Sarah Swider, an assistant professor of sociology at Wayne State University, said that while “there’s no doubt that agriculture is dominated by migrant workers from Mexico, Central and Latin America,” the influx of Eastern Europeans comes as no surprise in light of Europe’s economic turmoil.
Swider said because most European immigrants have been here longer, are more likely to be established than agricultural workers from south of the border and are often more skilled, a point echoed by the Farm Bureau.
She added that Eastern European workers traditionally gravitated towards construction jobs because of their expertise, but a decline of opportunities in that field likely led them elsewhere.
Limited statistics exist on the ethnicity of agricultural workers from the U.S. Census, said Bruce Weaver, an economic analyst for the Department of Technology, Management and Budget. And there are no statistics on migrant laborers in the state, let alone their ethnicity.
Still, experts like Farm Bureau President Wayne Wood say they’ve seen an increasing number of agricultural workers from that part of the world, propelled by a combination of economic, political and societal reasons.
Anderson said caps on legal immigration, declining interest in farm work, workers’ fear of persecution from states with tough immigration policies and declining birth rates in Mexico all contribute to the farm labor shortage in the state.
That means plenty of openings for those willing to toil in the fields, which workers from the Baltic states, Ukraine and Hungary usually hear about by word-of-mouth, he said.
While experts don’t list specific figures, the increased availability of workers could make a difference for some farmers and growers this year.
“On a local scope it is, and can be, the difference between continuing a business or closing it down,” Anderson said, adding that the 2011 farm labor “barely got us by,” and many may not come back in 2013 if they think there’s no work for them here.
Last year’s drought, early frosts and low interest in farm labor all contributed to a decline in the availability of workers, experts say.
The frosts decimated fruit crops. And some asparagus farmers fared nearly as poorly due to a short harvest window, said John Bakker, executive director of the Michigan Asparagus Advisory Board in DeWitt.
“The same frost that almost entirely destroyed the fruit crops were the same frosts that severely injured the asparagus crop,” he said.
Bakker said farmers in Southern Michigan are still reeling from the loss, with some in Van Buren and Berrien counties losing half of their crops last year.
Michigan is the third-biggest asparagus producer in the nation, growing some 25 million pounds annually, mostly around Hart and Shelby in Oceana County. There’s also a substantial amount grown between South Haven and Benton Harbor, according to the asparagus board.
Farmers grow an average of $15 million worth of the vegetable, though an estimated $5 million was lost last year because of crop damage, according to Bakker.
Farmers and growers typically rely on word-of-mouth to communicate their need for help, and many fear workers won’t come back.
One worried farmer is Hank DeBlouw, who grows eggplant, peppers, cucumbers and pumpkins near Capac, in St.
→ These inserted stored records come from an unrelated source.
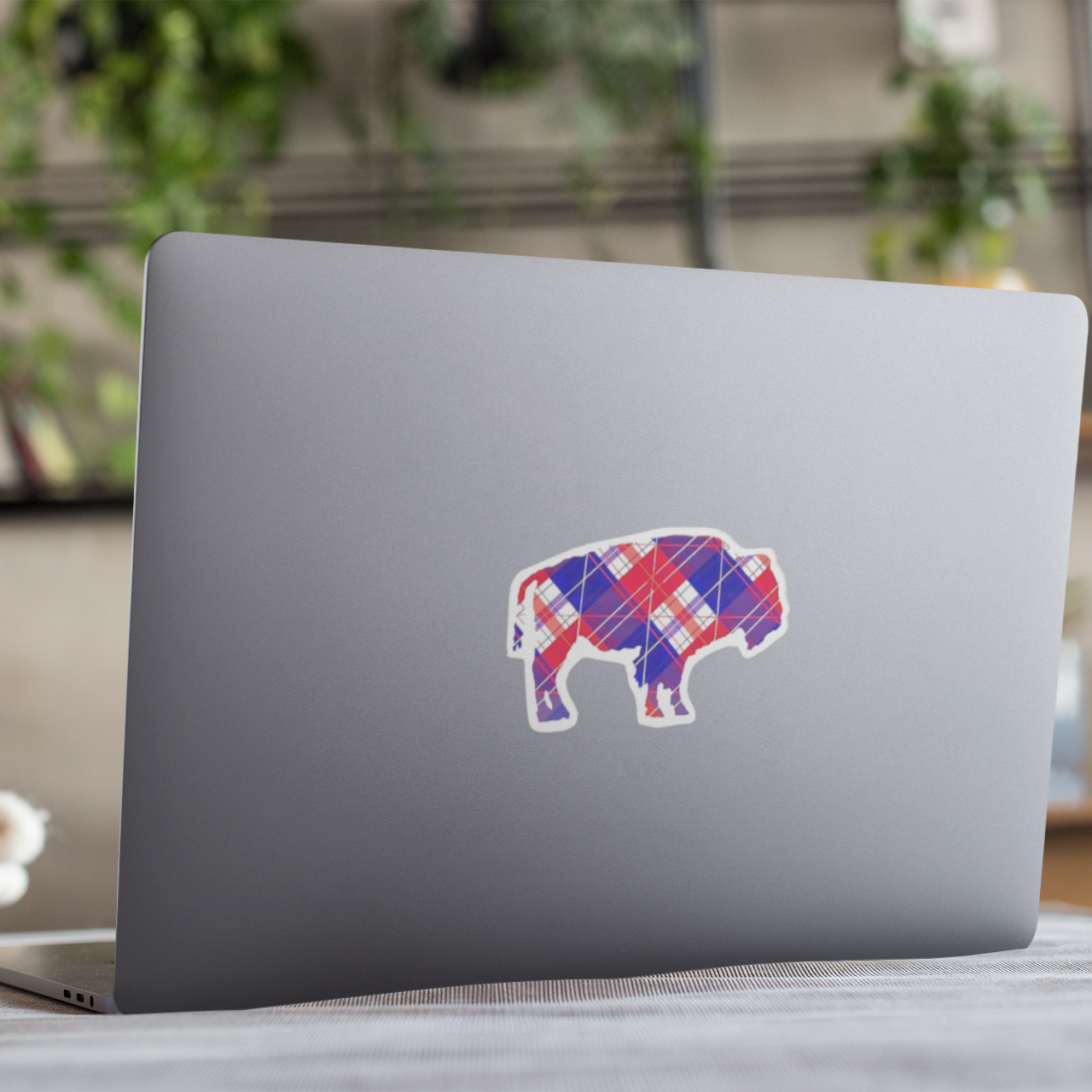 Vinyl Sticker/Decal - "Red, White, and Buffalo"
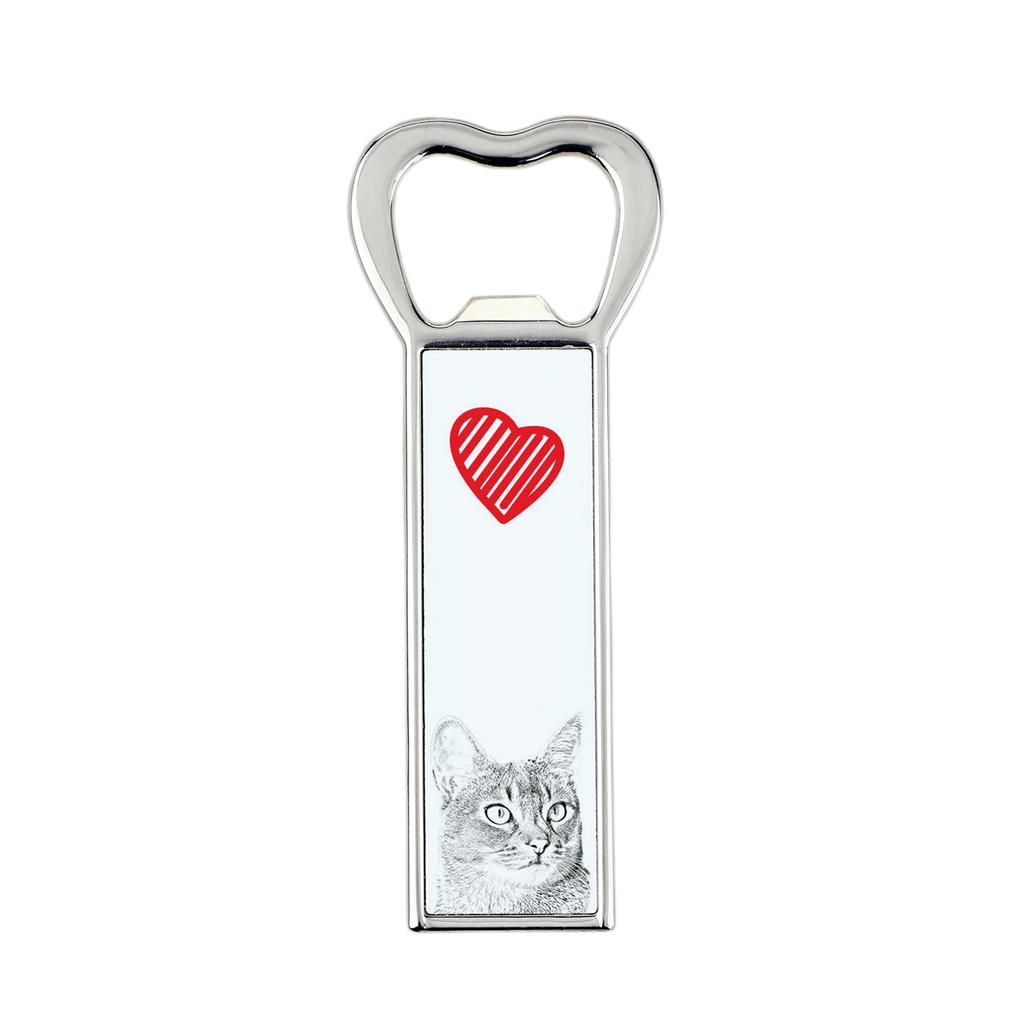 Abyssinian – Bottle opener with a cat, personalized fridge opener | Art-Dog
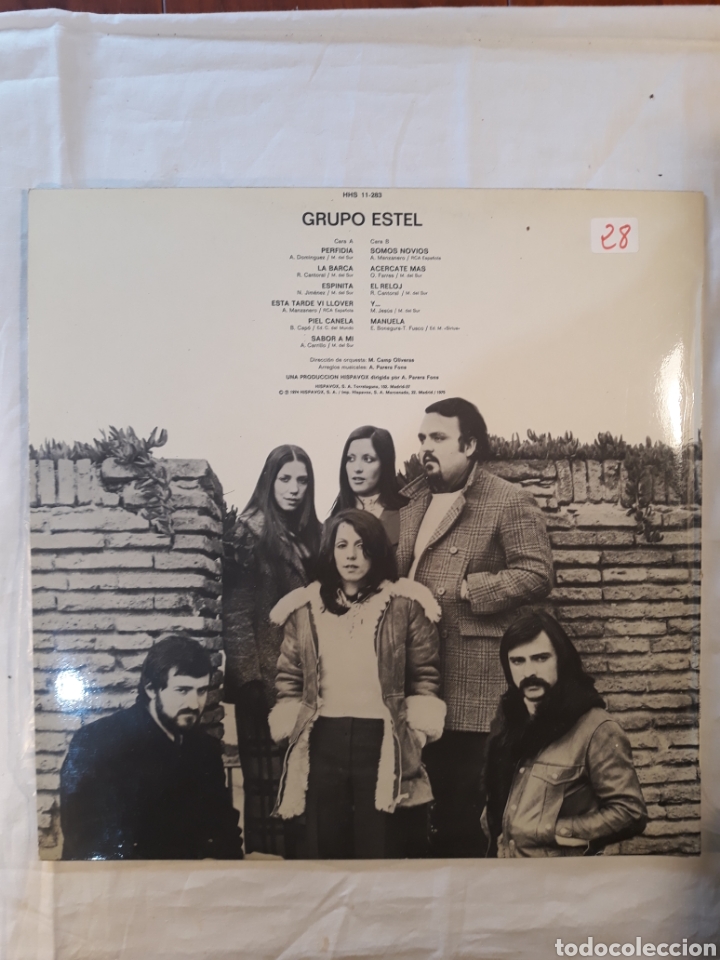 Discos de vinilo: Grupo estel.Boleros.1975 - Foto 2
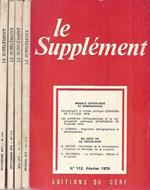 Le Supplement N° 112 - 112 - 113 - 114 del 1975
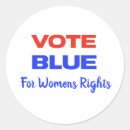 Search for red and blue stickers Politics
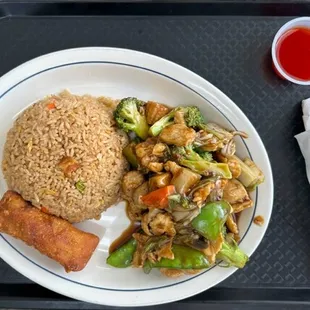 Hunan Chicken Lunch Special.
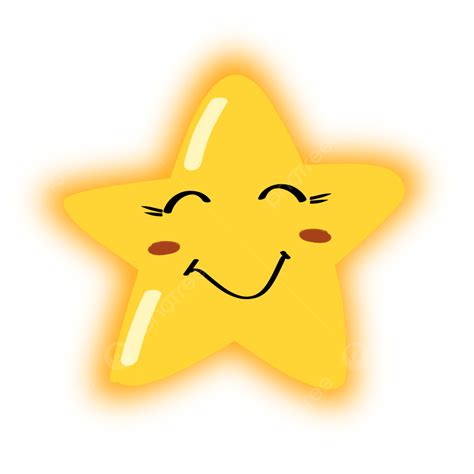 Gambar Bintang Lucu Kuning Bintang Bintang Lucu Emoji Bintang Png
Clair County. Some of his employees have been coming back for years, but he said many aren’t anymore.
“I’ve had a certain bunch coming back each year,” he said. But “it’s just diminishing all the time.
“I got a group of people of 50 coming up from the South,” but that isn’t enough, DeBlouw said. He needs about 160 to 180 workers, and last year lost 100 acres of pumpkins because of the drought.
DeBlouw said in the past he paid his workers $7.75 an hour, with a 75 cent bonus if they stayed the entire year. But he said this year he might have to pay them less because of money lost after the drought.
He also laments a lack of interest in farm work.
“You’re not gonna get the people up here. There’s a lot of people out of work, but they cannot work the fields,” he said. “They can’t take that grueling work. Sixty years ago, yeah.
“But this day and age,” he added, you can’t find anyone.